Founded in 1950, the Iceland Symphony Orchestra is the national orchestra of Iceland and one of the leading institutions on the Icelandic cultural scene. Widely praised for its performances and recordings, each year the orchestra presents a full season of subscription series, school and family concerts, and concerts devoted to modern music. The Orchestra’s home is the award-winning Harpa Concert Hall in Reykjavík
Yan Pascal Tortelier assumed the post of Chief Conductor in September 2016, a role previously held by conductors such as Jean-Pierre Jacquillat, Petri Sakari, Rumon Gamba, Ilan Volkov and Osmo Vänskä, who currently holds the title of Honorary Conductor. Vladimir Ashkenazy has conducted the orchestra regularly since the early 1970s and now holds the position of Conductor Laureate. The Icelandic composer Anna Thorvaldsdóttir is the Orchestra’s Composer-in-Residence. In June 2019 the orchestra announced the appointment of Finnish conductor Eva Ollikainen as Chief Conductor and Artistic Director with an initial four-year contract beginning with the 2020/21 season.
The Iceland Symphony Orchestra has recorded for a number of international labels, including Deutsche Grammophon, BIS, Chandos and Naxos. The orchestra’s complete cycle of Sibelius symphonies under the direction of Petri Sakari was widely praised by critics. Recently the orchestra recorded the complete orchestral works of Vincent d’Indy with Rumon Gamba for the Chandos label. The first volume of the series, released in 2019, was nominated for a Grammy Award for Best Orchestral Performance and is the orchestra’s first CD with Yan Pascal Tortelier, containing both symphonies of Charles Gounod.
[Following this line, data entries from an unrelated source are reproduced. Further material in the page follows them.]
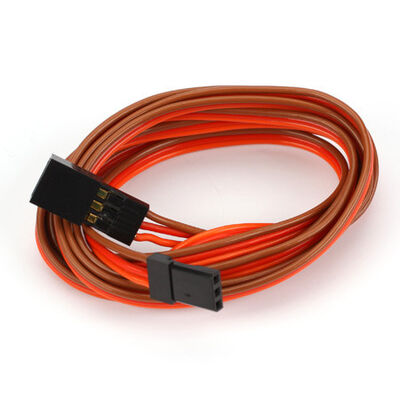 Servo Extension Lead: 48" Heavy-Duty Servo Extension Lead: 48" Heavy-Duty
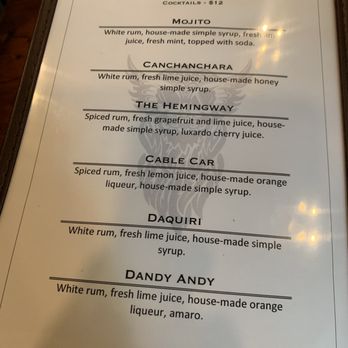 Wise Men Distillery Downtown Grand Rapids - Menu - Distilleries Near Me - Grand Rapids, Michigan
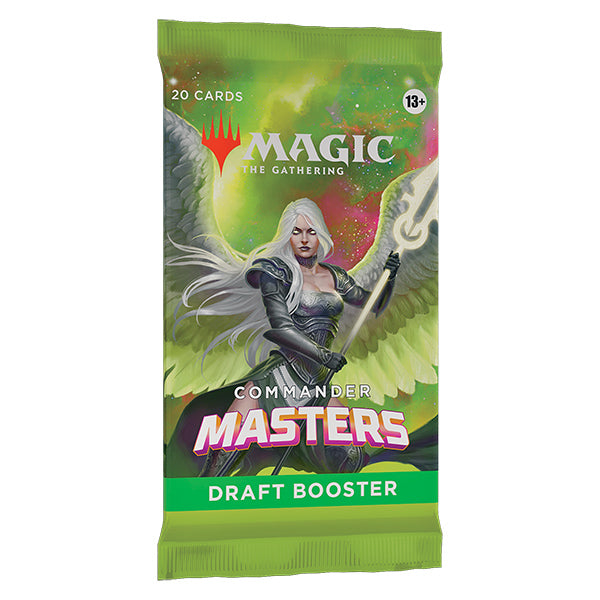 Magic The Gathering - Commander Masters Draft Booster Pack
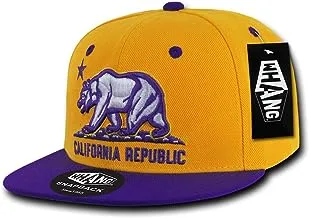 WHANG California Republic Snapbacks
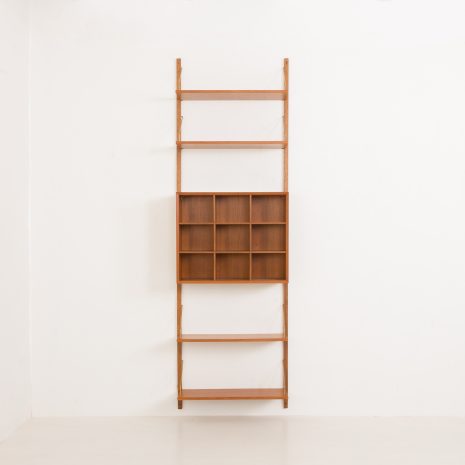 24415 Mid century modern teak wall unit, Denmark 1960s-4 24415 Mid century modern teak wall unit, Denmark 1960s-4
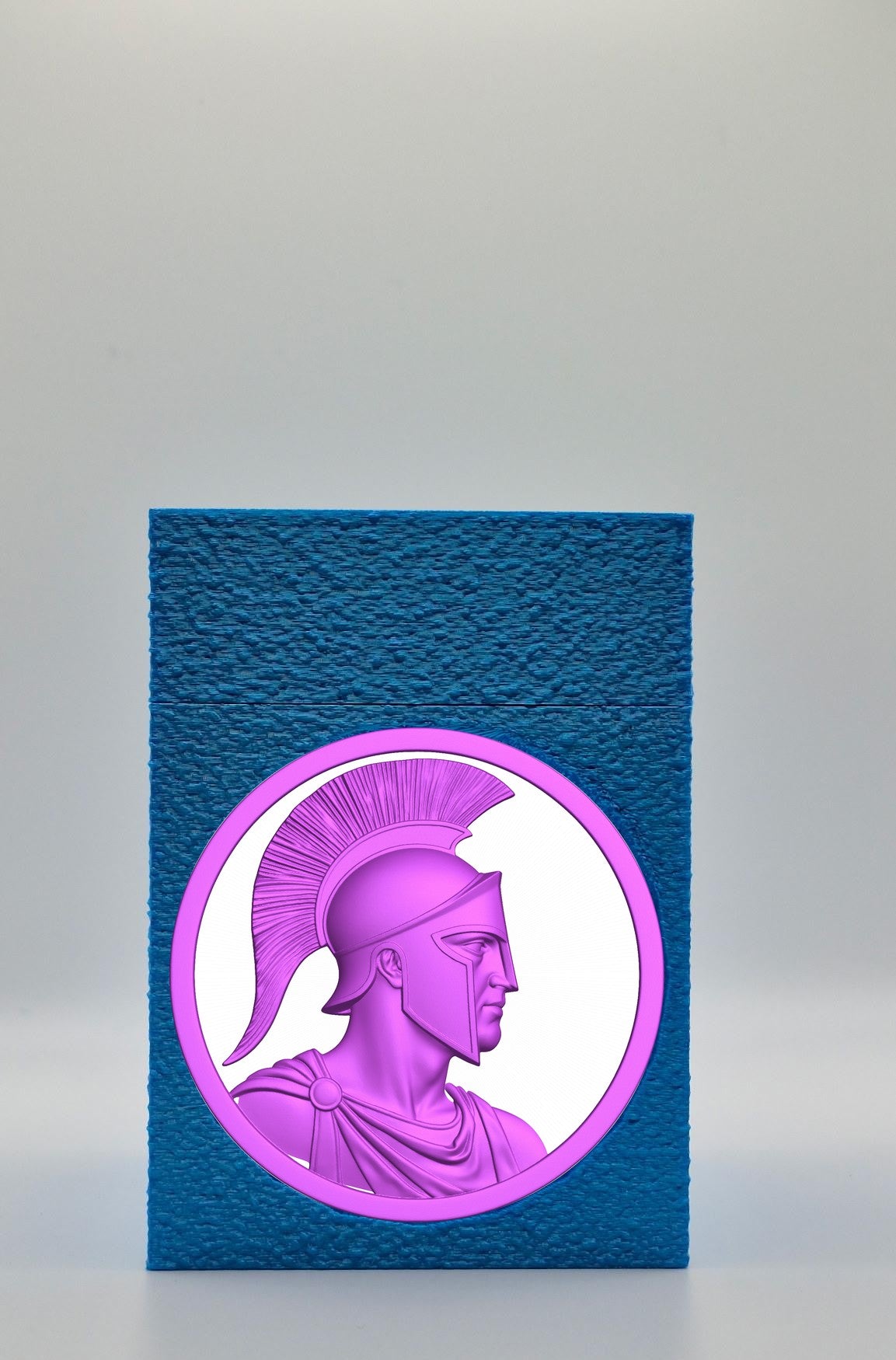 Spartan Card Box — Blue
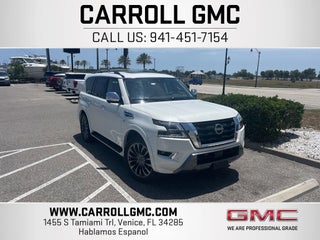 2021 Nissan Armada Platinum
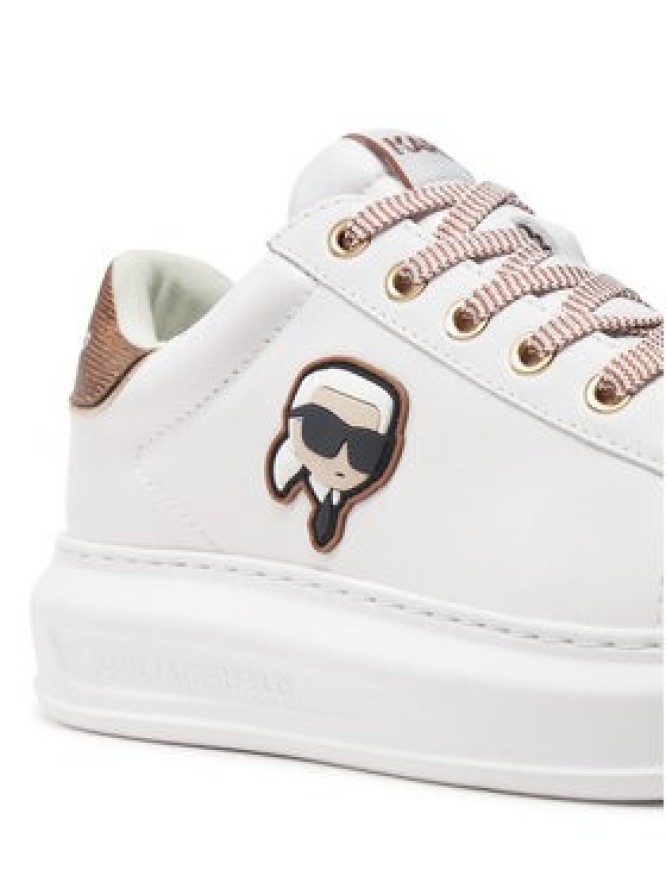 KARL LAGERFELD Sneakersy KL62531N Biały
The Iceland Symphony Orchestra has appeared widely throughout Europe, including performances at the BBC Proms and Wiener Musikverein, and in 2018 embarked on a highly successful three-week tour of Japan with Ashkenazy. It has also appeared twice in Carnegie Hall, New York where their performance was described in The New York Times as ‘sensational… one of the finest Sibelius performances I have encountered’.